WHAT IS NEEDED ▸ Each entry needs to be reproduced verbatim.

INFORMATION GIVEN ▸
════════

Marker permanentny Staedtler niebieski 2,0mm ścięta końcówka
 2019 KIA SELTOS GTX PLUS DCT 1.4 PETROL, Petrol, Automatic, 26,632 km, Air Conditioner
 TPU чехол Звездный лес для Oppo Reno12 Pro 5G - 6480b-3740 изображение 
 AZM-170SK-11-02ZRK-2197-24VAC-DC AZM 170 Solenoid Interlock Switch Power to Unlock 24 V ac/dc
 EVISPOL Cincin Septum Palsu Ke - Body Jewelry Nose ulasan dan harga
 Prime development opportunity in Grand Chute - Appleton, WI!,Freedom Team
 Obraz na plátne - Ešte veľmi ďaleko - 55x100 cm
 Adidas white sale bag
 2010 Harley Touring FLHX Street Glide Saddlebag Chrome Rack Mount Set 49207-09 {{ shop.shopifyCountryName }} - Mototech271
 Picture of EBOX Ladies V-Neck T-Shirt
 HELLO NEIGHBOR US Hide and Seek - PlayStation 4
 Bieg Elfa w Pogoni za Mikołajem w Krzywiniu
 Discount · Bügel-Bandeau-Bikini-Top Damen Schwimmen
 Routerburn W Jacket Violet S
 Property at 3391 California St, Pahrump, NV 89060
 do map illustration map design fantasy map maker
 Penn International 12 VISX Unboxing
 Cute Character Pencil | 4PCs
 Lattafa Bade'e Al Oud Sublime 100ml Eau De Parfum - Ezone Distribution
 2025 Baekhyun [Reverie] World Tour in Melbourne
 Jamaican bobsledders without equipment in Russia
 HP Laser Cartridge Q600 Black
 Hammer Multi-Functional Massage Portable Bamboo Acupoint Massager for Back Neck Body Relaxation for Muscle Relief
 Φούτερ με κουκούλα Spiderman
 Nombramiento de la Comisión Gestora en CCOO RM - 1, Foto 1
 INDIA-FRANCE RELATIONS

════════

WRITTEN RESPONSE ▸
Marker permanentny Staedtler niebieski 2,0mm ścięta końcówka
 2019 KIA SELTOS GTX PLUS DCT 1.4 PETROL, Petrol, Automatic, 26,632 km, Air Conditioner
 TPU чехол Звездный лес для Oppo Reno12 Pro 5G - 6480b-3740 изображение 
 AZM-170SK-11-02ZRK-2197-24VAC-DC AZM 170 Solenoid Interlock Switch Power to Unlock 24 V ac/dc
 EVISPOL Cincin Septum Palsu Ke - Body Jewelry Nose ulasan dan harga
 Prime development opportunity in Grand Chute - Appleton, WI!,Freedom Team
 Obraz na plátne - Ešte veľmi ďaleko - 55x100 cm
 Adidas white sale bag
 2010 Harley Touring FLHX Street Glide Saddlebag Chrome Rack Mount Set 49207-09 {{ shop.shopifyCountryName }} - Mototech271
 Picture of EBOX Ladies V-Neck T-Shirt
 HELLO NEIGHBOR US Hide and Seek - PlayStation 4
 Bieg Elfa w Pogoni za Mikołajem w Krzywiniu
 Discount · Bügel-Bandeau-Bikini-Top Damen Schwimmen
 Routerburn W Jacket Violet S
 Property at 3391 California St, Pahrump, NV 89060
 do map illustration map design fantasy map maker
 Penn International 12 VISX Unboxing
 Cute Character Pencil | 4PCs
 Lattafa Bade'e Al Oud Sublime 100ml Eau De Parfum - Ezone Distribution
 2025 Baekhyun [Reverie] World Tour in Melbourne
 Jamaican bobsledders without equipment in Russia
 HP Laser Cartridge Q600 Black
 Hammer Multi-Functional Massage Portable Bamboo Acupoint Massager for Back Neck Body Relaxation for Muscle Relief
 Φούτερ με κουκούλα Spiderman
 Nombramiento de la Comisión Gestora en CCOO RM - 1, Foto 1
 INDIA-FRANCE RELATIONS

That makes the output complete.